-- INFORMATION follows --

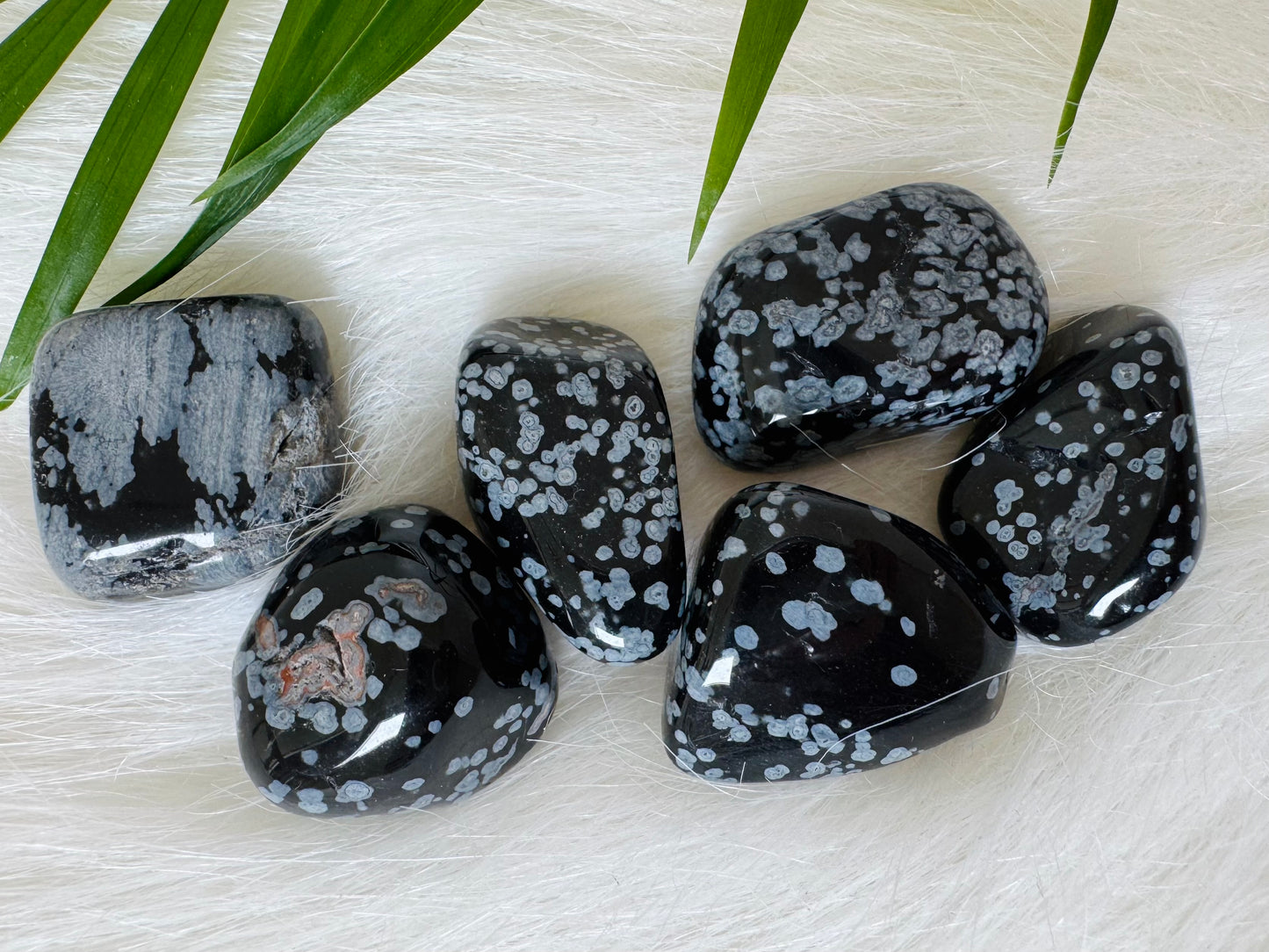 Snowflake Obsidian Tumbled - Moon Room Shop and Wellness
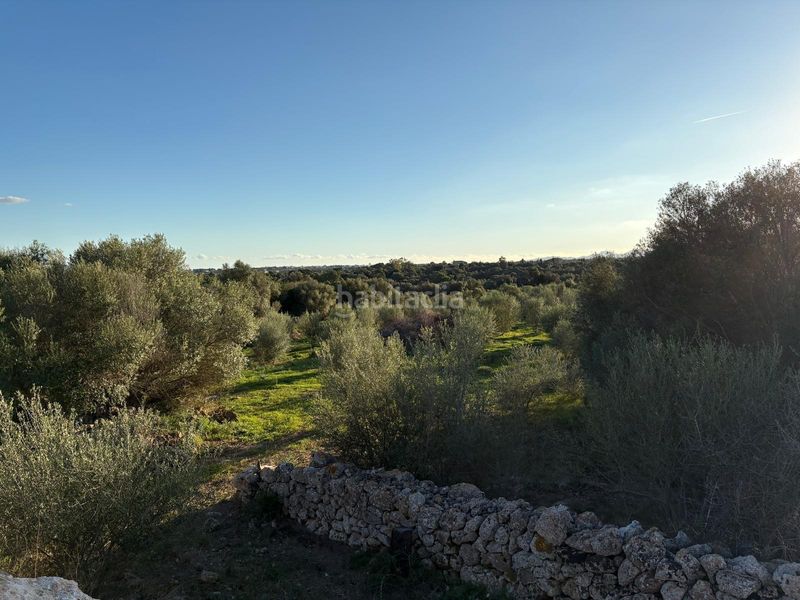 Foto 304f6c51-dce5-43e9-8a6a-d6ef286592e2. Finca rústica a Sant Llorenç des Cardassar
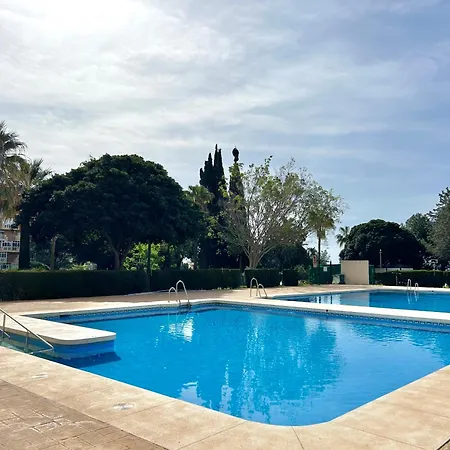 Hoja De Palma * Benalmádena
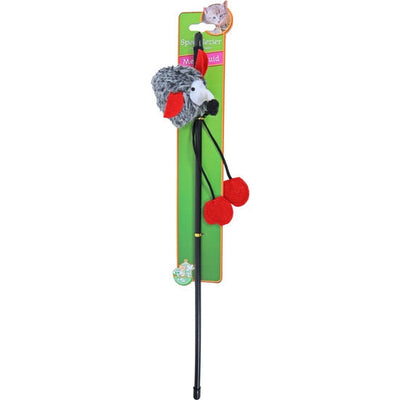 Boon kattenhengel egel met geluid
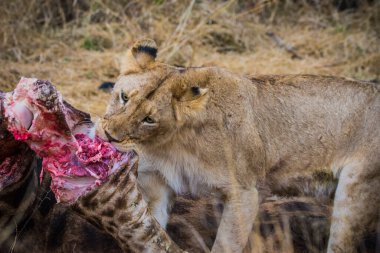 Aslanlar taze bir ölüm zürafasıyla besleniyor, Kruger Ulusal Parkı, Güney Afrika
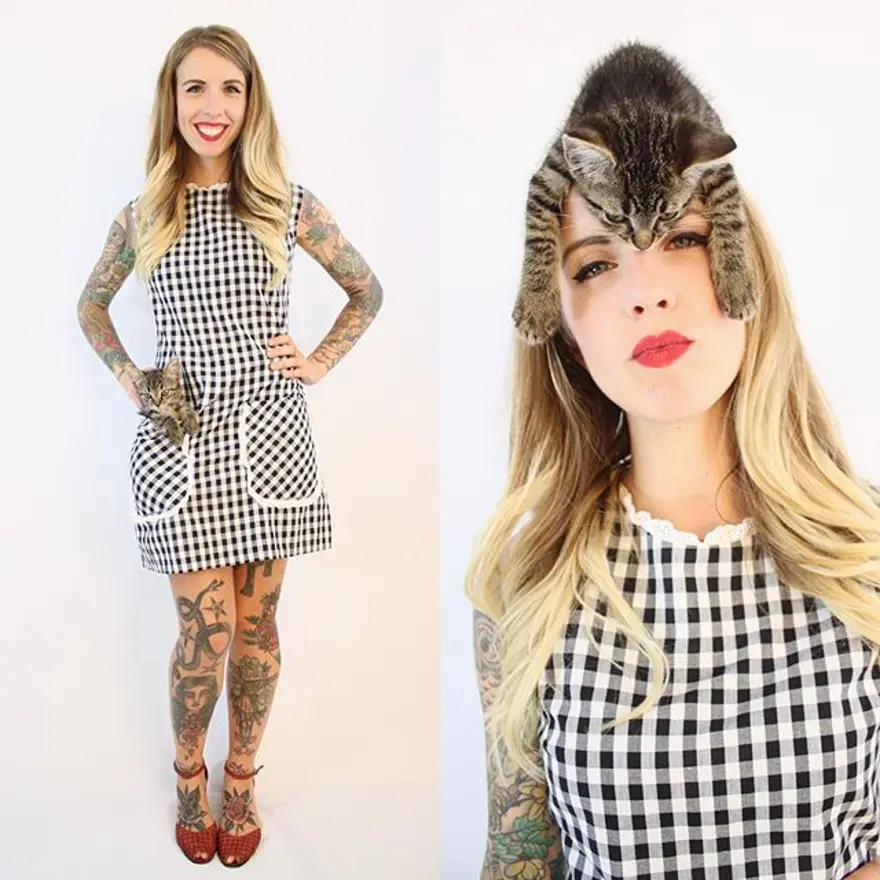 Hayatını kedileri kurtarmaya adadı 280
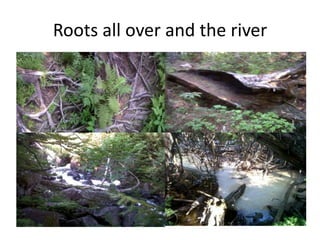 Roots all over and the river
 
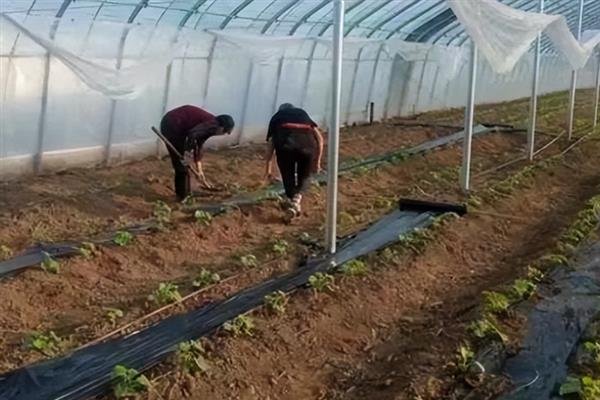 节瓜怎么种植，抽蔓时亩施磷酸二铵150斤左右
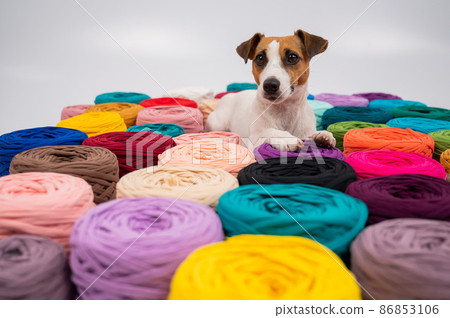 Close-up of Jack Russell Terrier dog among multi-colored cotton skeins. Close-up of Jack Russell Terrier dog among multi-colored cotton skeins. 86853106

-- INFORMATION concluded --

**PROBLEM DETAILS**. When you copy the records above, keep every word exact and leave out the pictures they contain.

**OUTPUT OF THE TASK**.
 Snowflake Obsidian Tumbled - Moon Room Shop and Wellness
 Foto 304f6c51-dce5-43e9-8a6a-d6ef286592e2. Finca rústica a Sant Llorenç des Cardassar
 Hoja De Palma * Benalmádena
 Boon kattenhengel egel met geluid
 Aslanlar taze bir ölüm zürafasıyla besleniyor, Kruger Ulusal Parkı, Güney Afrika
 Hayatını kedileri kurtarmaya adadı 280
 Roots all over and the river
 
 节瓜怎么种植，抽蔓时亩施磷酸二铵150斤左右
 Close-up of Jack Russell Terrier dog among multi-colored cotton skeins. Close-up of Jack Russell Terrier dog among multi-colored cotton skeins. 86853106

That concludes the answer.